Help to Buy Shared Ownership Scheme
135,000 homes will be made available for part-ownership. In practise, this means low earning households (£80,000pa or less) will be eligible to buy a share of a house from a housing association or local council, then gradually increase their share over time until they own the property outright.
In the time where the household has an incomplete stake in the property, rent will be limited to 3pc of the value of the house that has not been paid for by the household.
For example. A house is worth £250,000. The household has gradually upped their ownership of the property to 50pc. They are therefore paying 3pc rent on the remaining £125,000, which is £312pcm.
However, it is worth noting that house prices are rising so an increase in price will result in an increase in rent. Also, households that sell up before reaching full ownership will be unlikely to receive the market value of the property.
Help to Buy London
Help to Buy is being significantly changed. At the time of the announcement, buyers who had a 5pc deposit available were eligible for a loan of 20pc of the value of the home.
That 20pc is now being extended to 40pc, interest free, for five years. The changes recognise the difficulty with entering the London housing market, especially in comparison with other areas in the UK.
Help to Buy has resulted in a 60pc increase in first-time buyers across the UK, but with very little impact in London. This change will persuade young buyers that living in London will be a sustainable lifestyle choice.
The government is making a concerted effort to bridge the North-South divide, and landlords will benefit from expanding their portfolios in the North thanks to the extensive redevelopment in the Northern Powerhouse sector.

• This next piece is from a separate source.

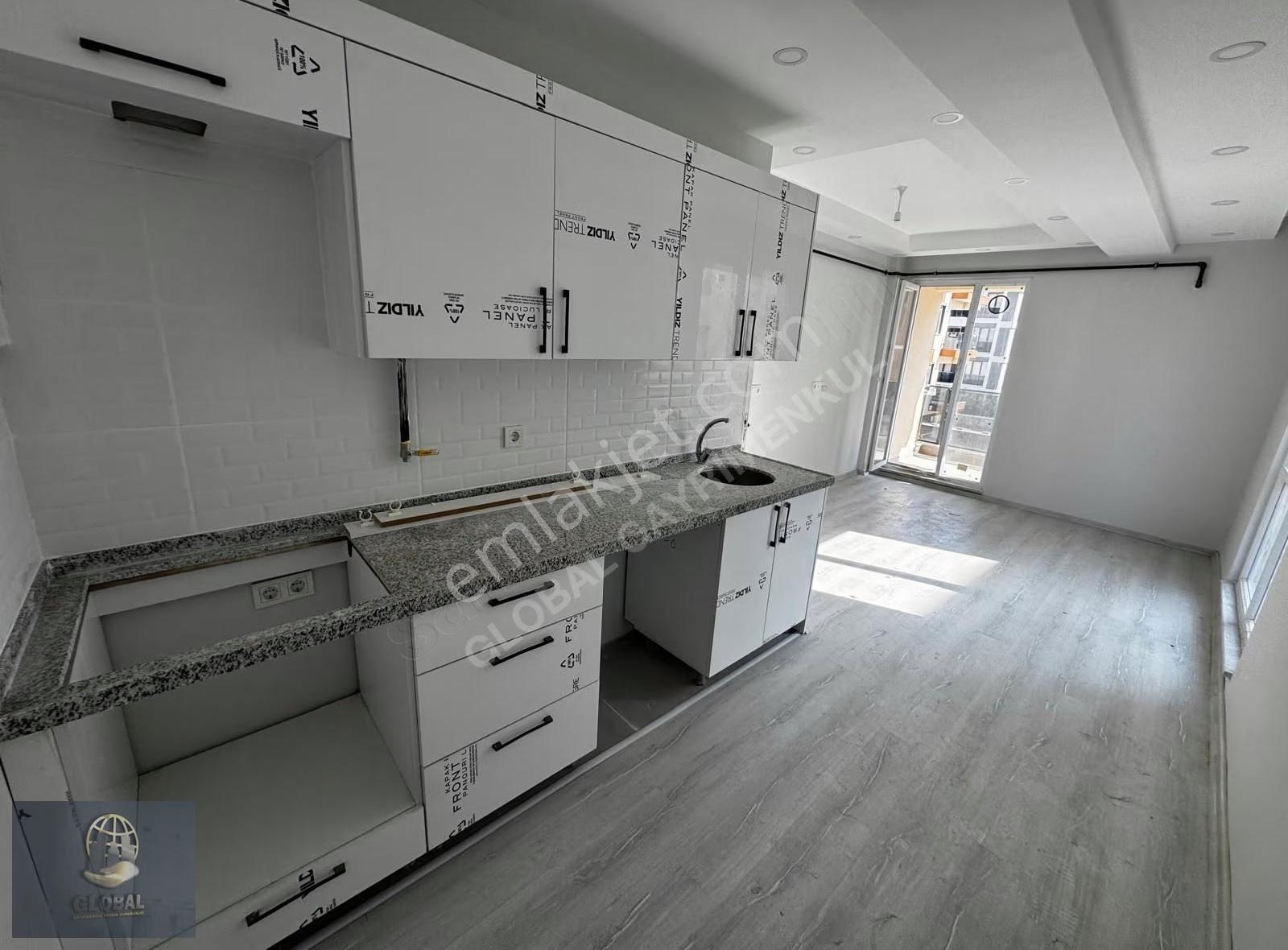 Çorlu Şeyhsinan Yatay Mimari Havuz ,kombi , Ankastre 1+1 Satılık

Therefore, landlords who are worried about low yields or insufficient wage growth can take solace that other regions in the UK will become more and more feasible in the coming years, especially if they find investors who are looking to sell their entire portfolios.
Many accidental landlords are likely to leave the industry to avoid the gradually increasing tax relief changes, and they will be replaced by professional landlords. This means that the pool of landlords will become smaller, and cause a calming of buy-to-let property prices.